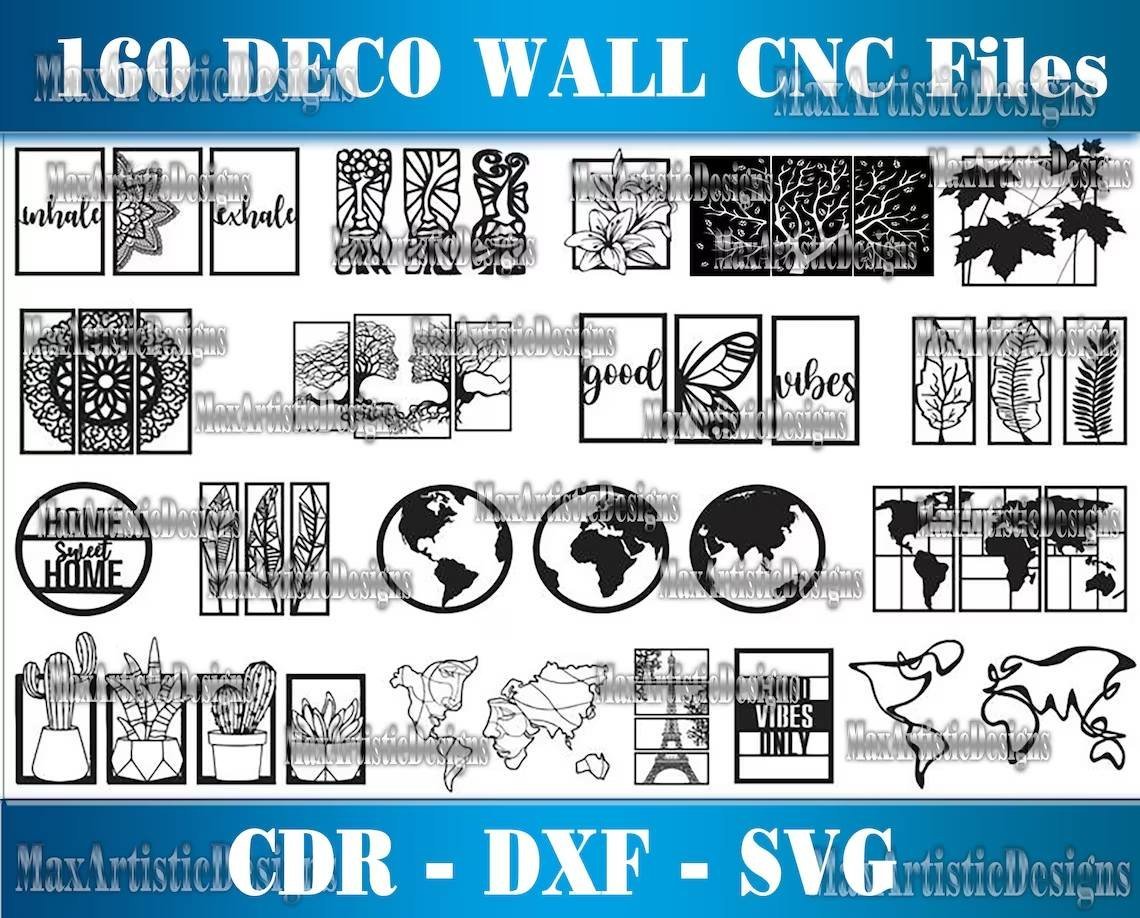 Cuadros de pared 1 capa
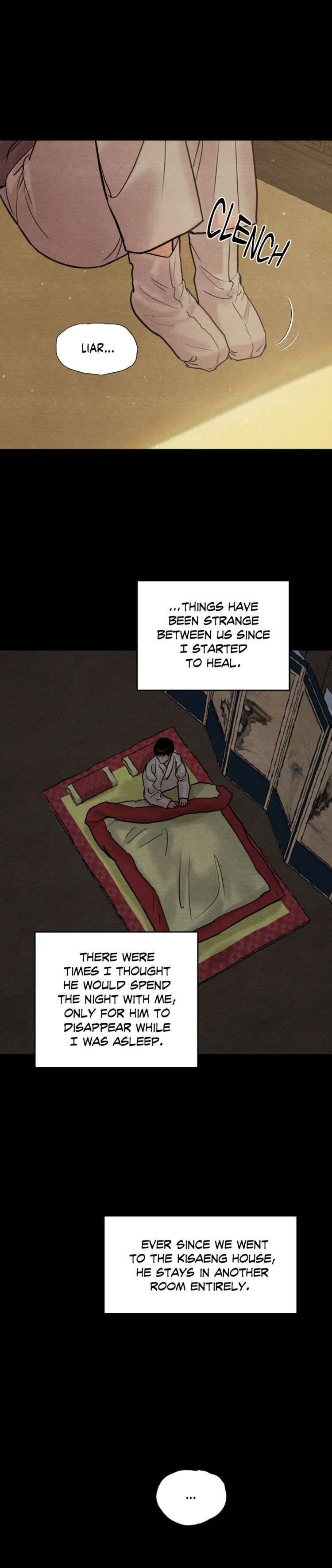 Painter of the Night by Byeonduck – Season 4 – Epilogue 2 [Eng] page 4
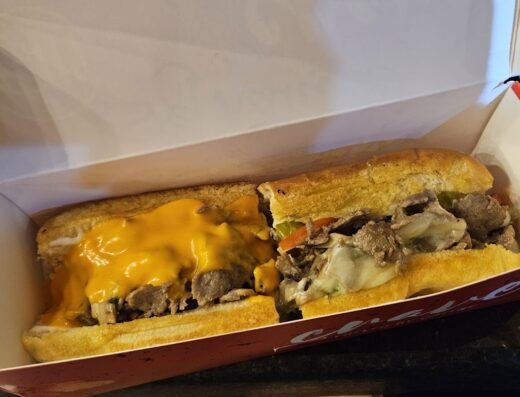 PHILLY CHEESESTEAK Qatar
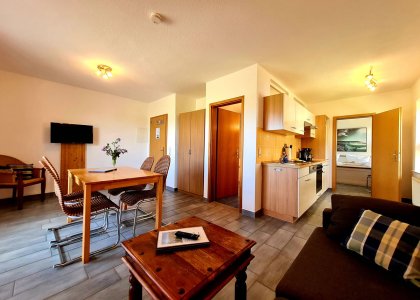 Ferienwohnung Kornblume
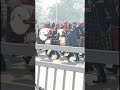 RD Parade 2023 Indian Army Pipe Band   | भारतीय सेना के जवानों की कला देखिए | #shorts #shortsbeta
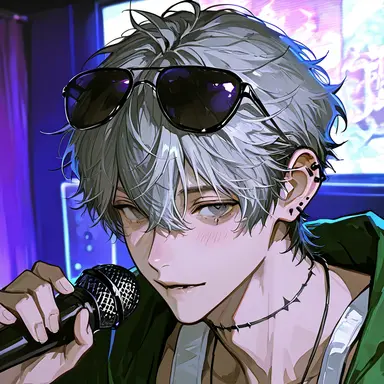 Profile image of 玲央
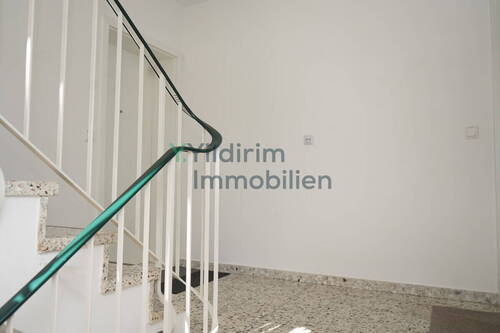 Treppenhaus - 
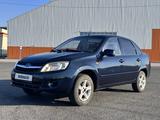 ВАЗ (Lada) Granta 2190 2012 года за 1 390 000 тг. в Павлодар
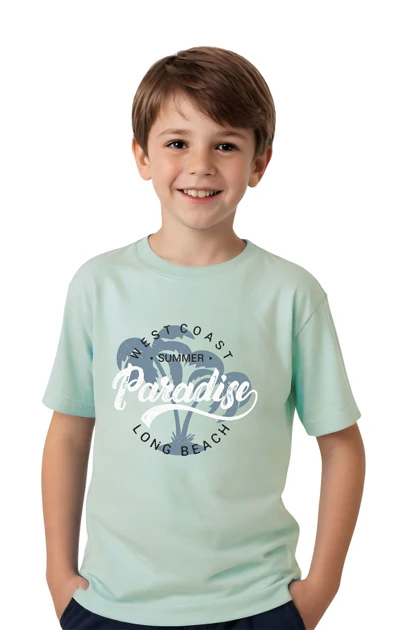 تیشرت بچگانه پانیو کیدز panios-kids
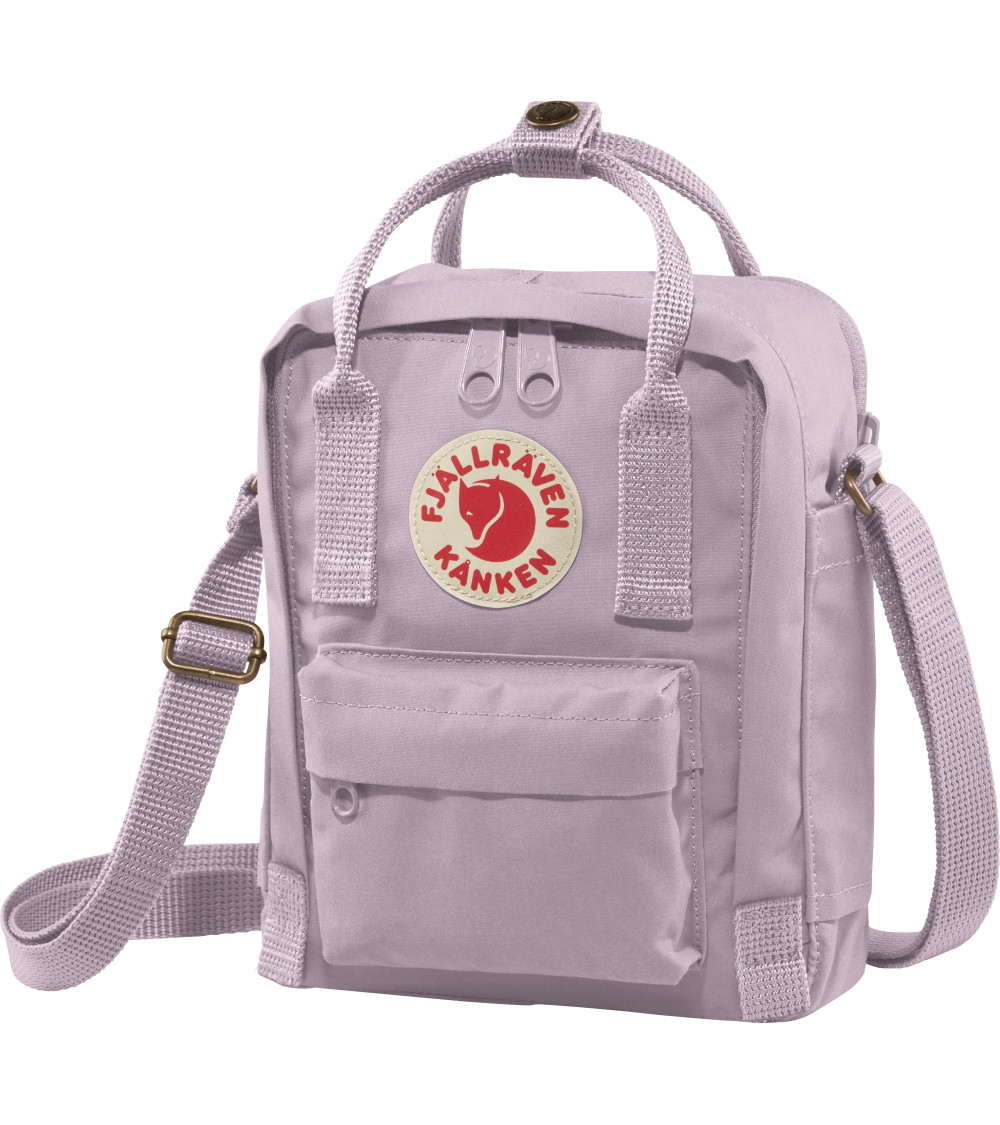 【Fjällräven 小狐狸】Kanken Sling 隨身袋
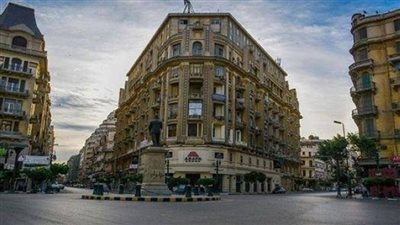 تعبيرية    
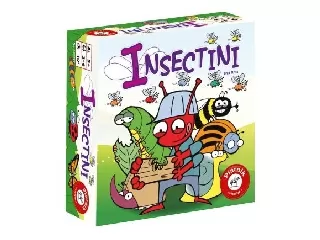 Insectini tarsasjáték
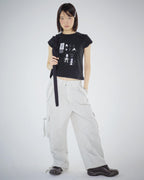 [ Pre-order ] Legna T-shirt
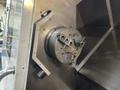 Haas SL-40 CNC Lathe, 2011 – Tailstock, Toolsetter, 15″ Chuck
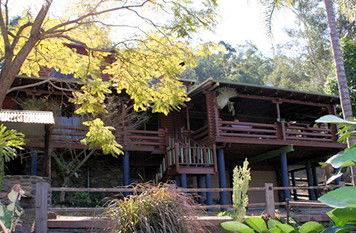 Bass Lodge - Sydney 4u 1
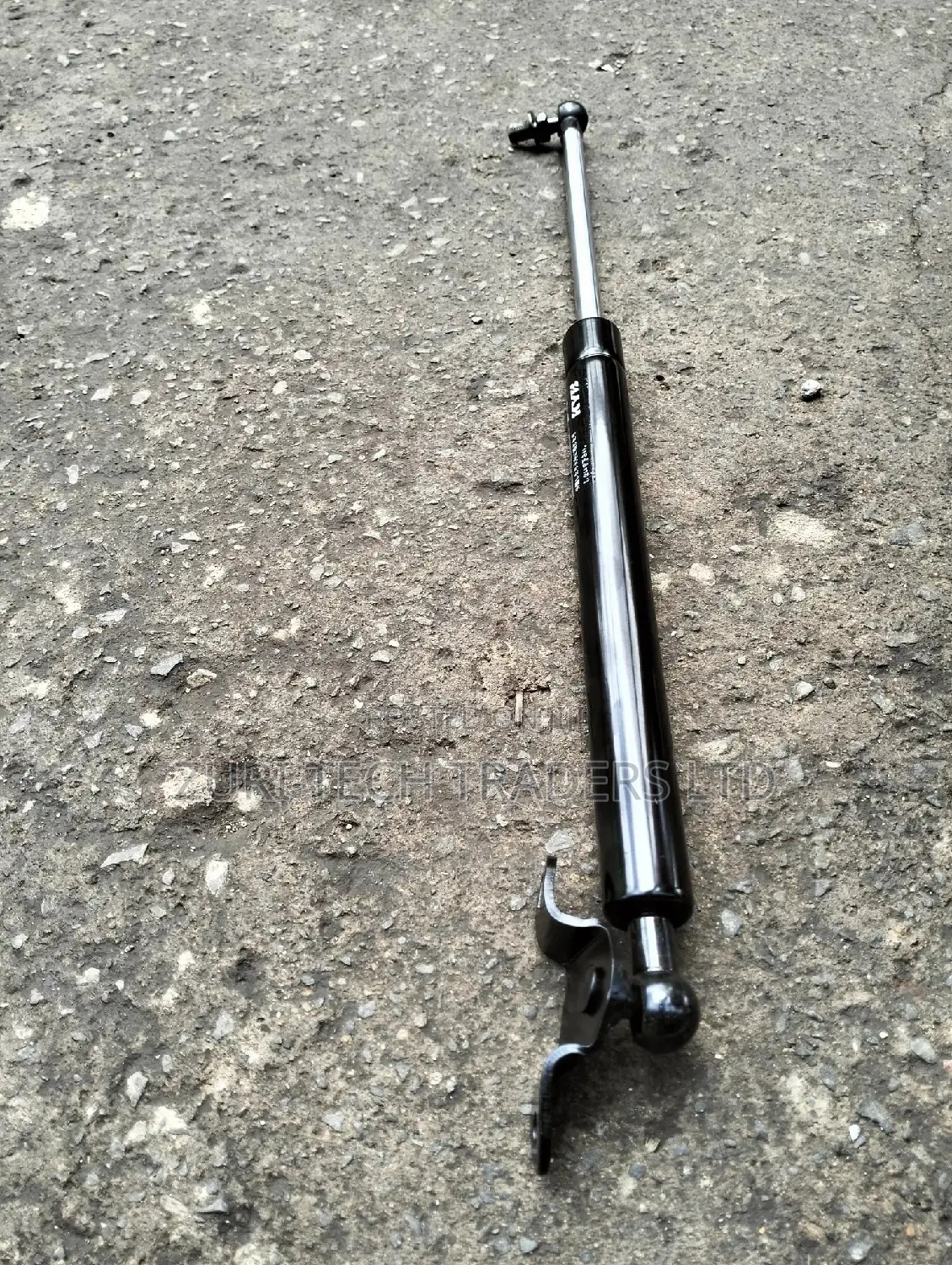 Honda Fit Boot Shocks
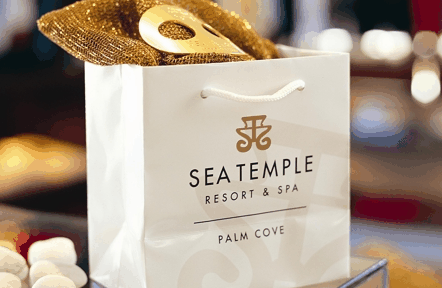 Sea Temple Resort & Spa - Accommodation Mt Buller 5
_ _ _ _ _ _ _
— What to work on —
Set the records down again exactly, and omit any picture in them.

— Response to the task —
 Cuadros de pared 1 capa
 Painter of the Night by Byeonduck – Season 4 – Epilogue 2 [Eng] page 4
 PHILLY CHEESESTEAK Qatar
 Ferienwohnung Kornblume
 RD Parade 2023 Indian Army Pipe Band   | भारतीय सेना के जवानों की कला देखिए | #shorts #shortsbeta
 Profile image of 玲央
 Treppenhaus - 
 ВАЗ (Lada) Granta 2190 2012 года за 1 390 000 тг. в Павлодар
 تیشرت بچگانه پانیو کیدز panios-kids
 【Fjällräven 小狐狸】Kanken Sling 隨身袋
 تعبيرية    
 Insectini tarsasjáték
 [ Pre-order ] Legna T-shirt
 Haas SL-40 CNC Lathe, 2011 – Tailstock, Toolsetter, 15″ Chuck
 Bass Lodge - Sydney 4u 1
 Honda Fit Boot Shocks
 Sea Temple Resort & Spa - Accommodation Mt Buller 5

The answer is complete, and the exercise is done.